==== Material provided

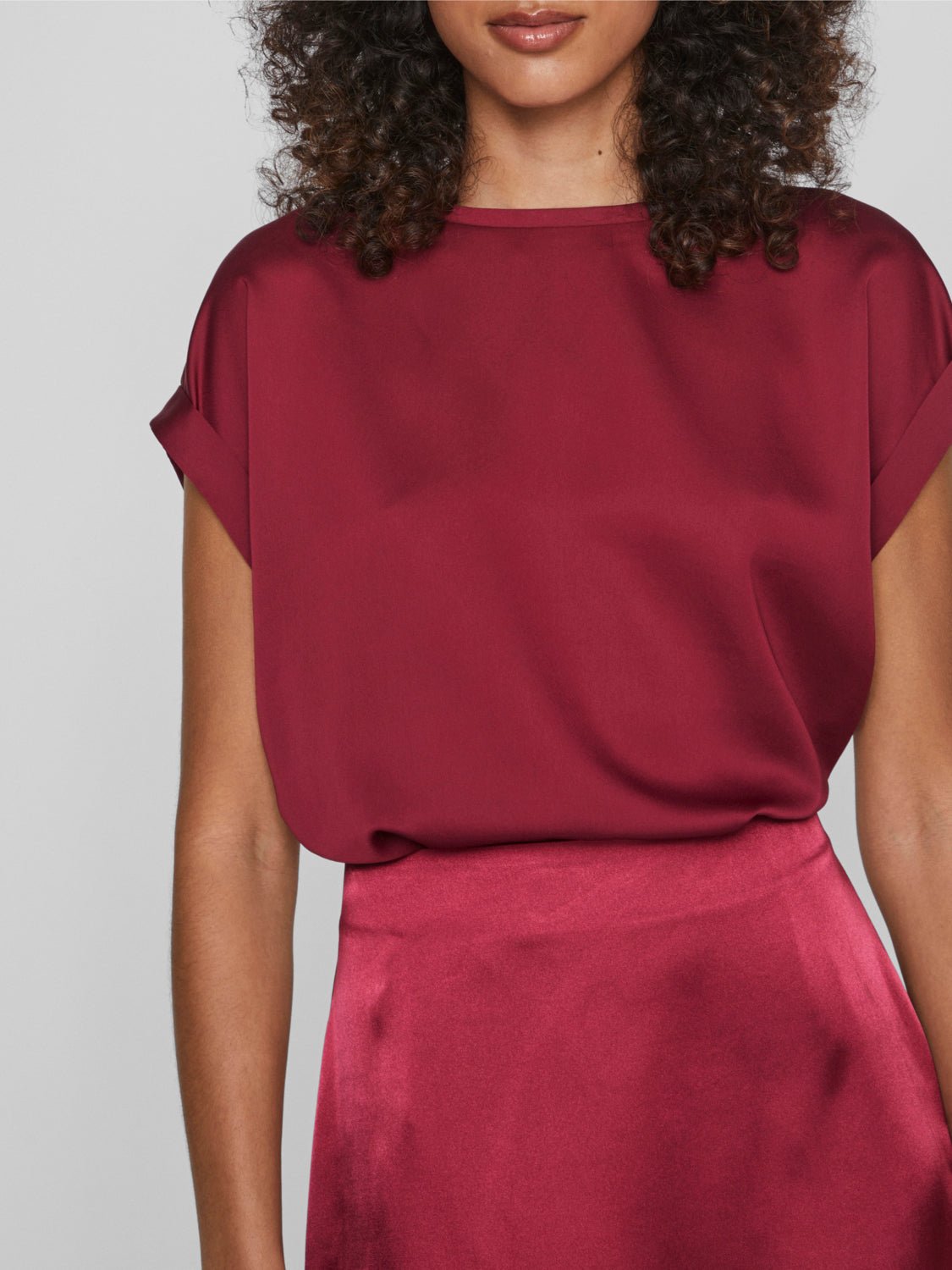 VIELLETTE T-Shirts & Tops - Beet Red - VERO MODA & VILA Bergvik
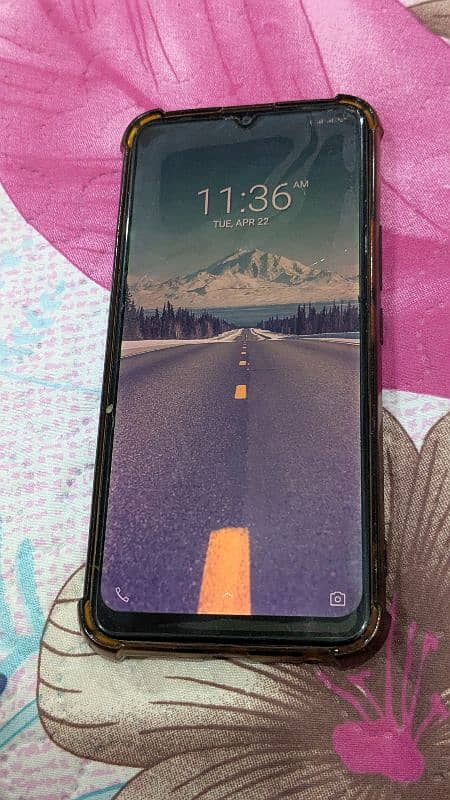Infinix Hot 8 4/64gb with box and charger 7
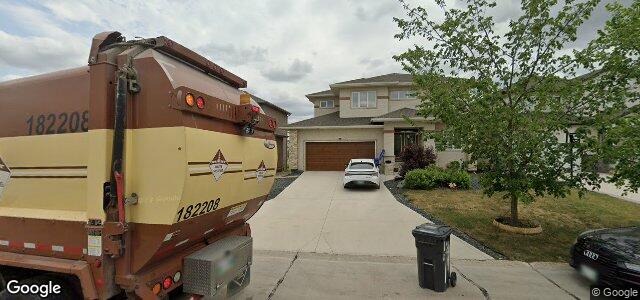 Photo of 14 Heronswood Path in Winnipeg, Manitoba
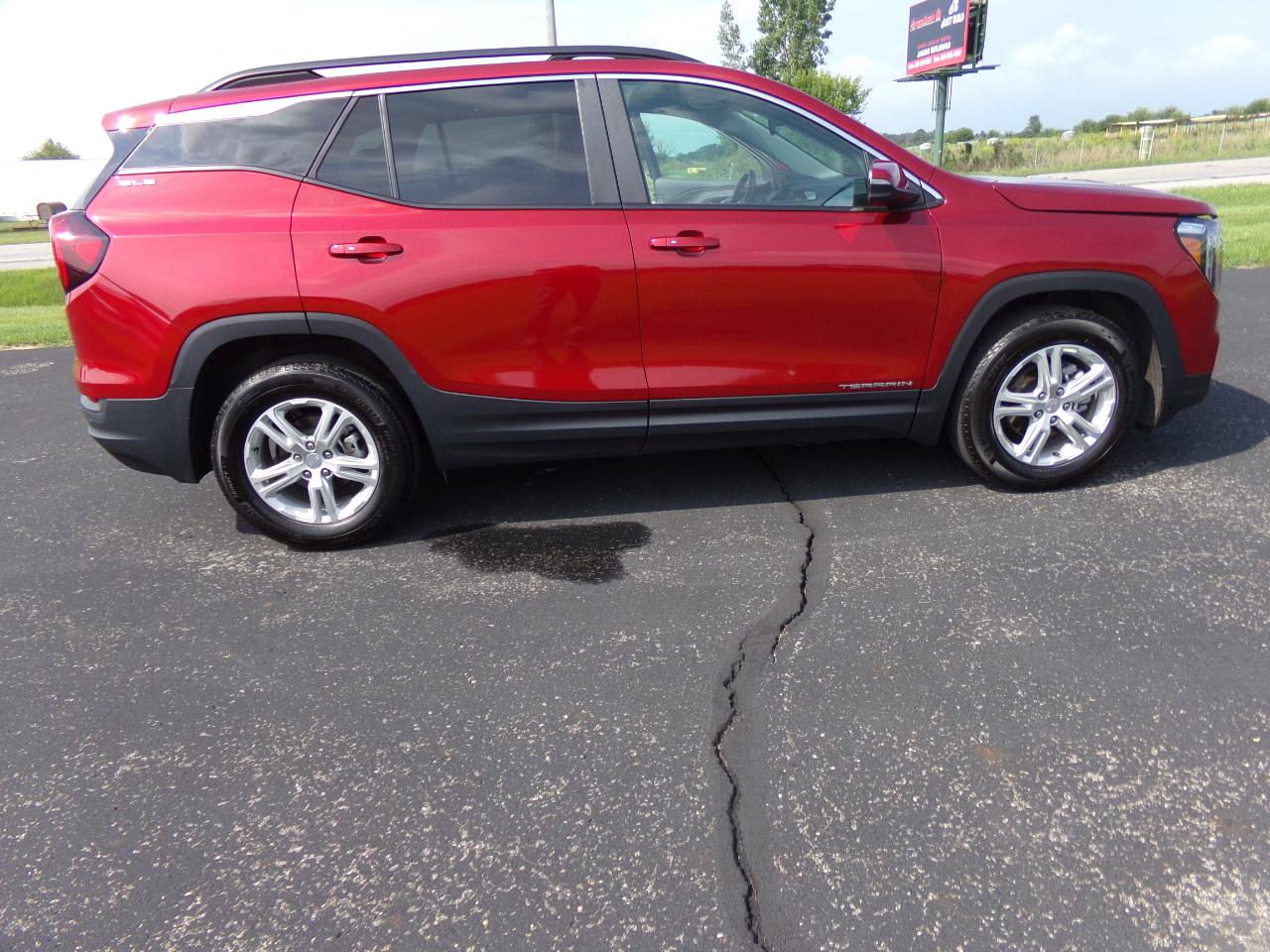 GMC Terrain FWD 4dr SLE 2024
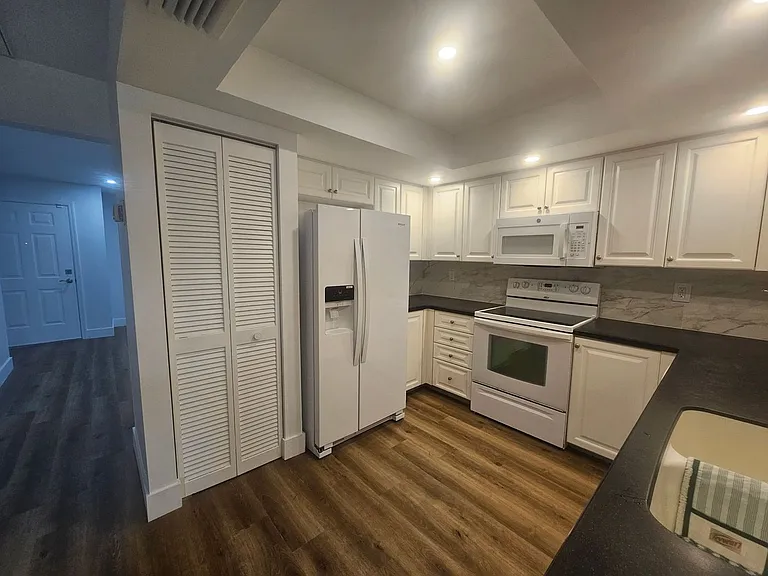5989 Hillyer Ct — Photo 6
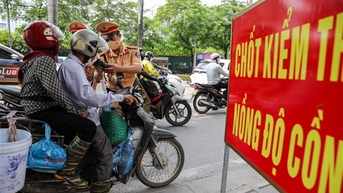 នគរបាល​ចរាចរណ៍​ទូទាំង​ប្រទេស​បាន​ធ្វើ​តេស្ត​កម្រិត​ជាតិ​អាល់កុល​ព្រម​គ្នា​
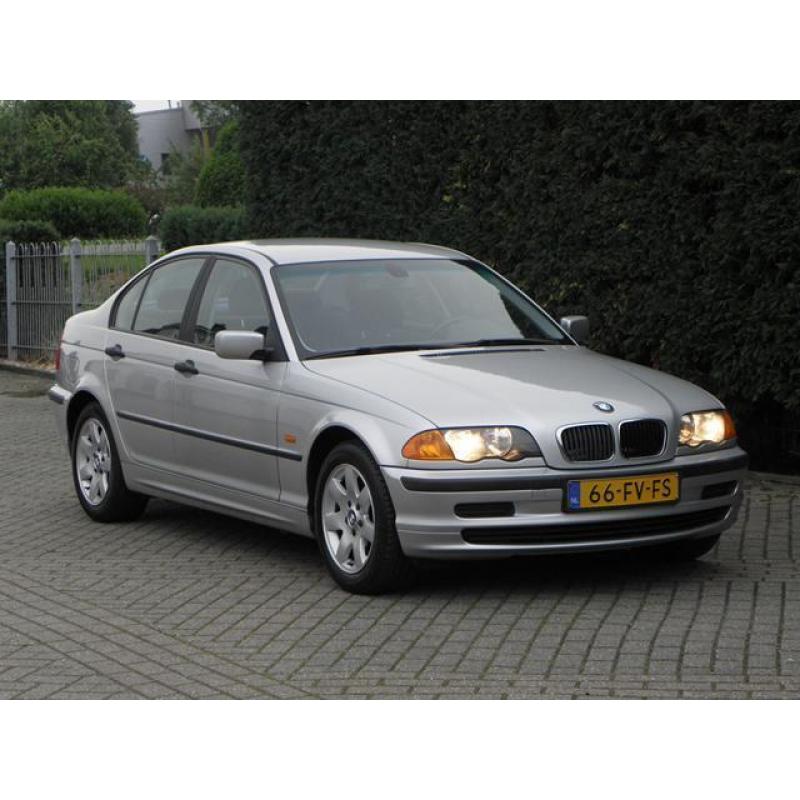 Bmw 3-SERIE 316i Executive handgeschakeld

========

● **Instructions for the task**: Exclude the pictures and give back the rest of the data above exactly as written.

● **Reply**:
 VIELLETTE T-Shirts & Tops - Beet Red - VERO MODA & VILA Bergvik
Infinix Hot 8 4/64gb with box and charger 7
 Photo of 14 Heronswood Path in Winnipeg, Manitoba
 GMC Terrain FWD 4dr SLE 2024
5989 Hillyer Ct — Photo 6
 នគរបាល​ចរាចរណ៍​ទូទាំង​ប្រទេស​បាន​ធ្វើ​តេស្ត​កម្រិត​ជាតិ​អាល់កុល​ព្រម​គ្នា​
 Bmw 3-SERIE 316i Executive handgeschakeld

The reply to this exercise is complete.